Now, part-timer and relative newbie though I am (at the grand old age of 36) I am starting to get ideas. Ideas like “hey, I could actually finish that CIMA course!” and “maybe I could bring in a decent wage” and my personal favourite, “I’m actually good at something despite having Asperger’s!”.

So, how does this relate to the title of my post today?

The truth is I’d almost given up on having a career. I took time out for child rearing, and when I was ready to get back into an office I struggled so much. It was hard to find something that matched my hours. It was hard to find something that matched my skills and experience. But I kept looking because it was important to me to try. The interviews were as painful as you’d expect for someone like me, and the failures were demotivating. And all along, I wasn’t even sure if it would work out well for me, even if I could get a job.

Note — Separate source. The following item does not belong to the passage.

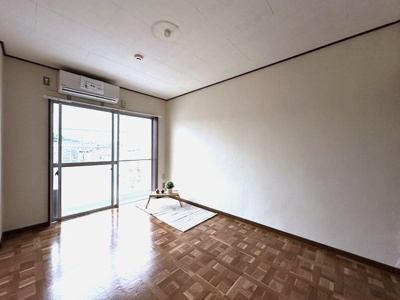 【洋室】 | 吉沢第二ビル | 南西向き洋室6帖☆バルコニーに繋がるお部屋は陽当り良好♪エアコン付きで1年中快適に過ごせますね☆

So, in summary, if you’ve written something off that you were hoping to achieve, maybe it’s time to revisit that, and give yourself another chance. We only get one life.


For any woman with a small(ish) baby, or toddler, you’ll know it’s sometimes hard to find time to be yourself, or anything other than a mum. It can happen to dads too, but it’s less likely as they tend to go back to work much sooner. They often don’t take more than a few weeks out of their usual life, and of course, they don’t have the 9 months of pregnancy to adjust their lives around. As an Aspie, the thought of having a baby ‘glued’ to me was horrifying when I was a child, and I’m still finding it stressful the second time around.

But it’s not just having babies that’s consumed my identity. I’ve found through many stages of my life that I get fixated on issues or people and I forget to be me. I subsume my own needs and desires to fit with someone else, or to obsess over something I’m not or can’t do. Is this an Aspie feature? Or just something I’m stuck with that could also happen to anyone?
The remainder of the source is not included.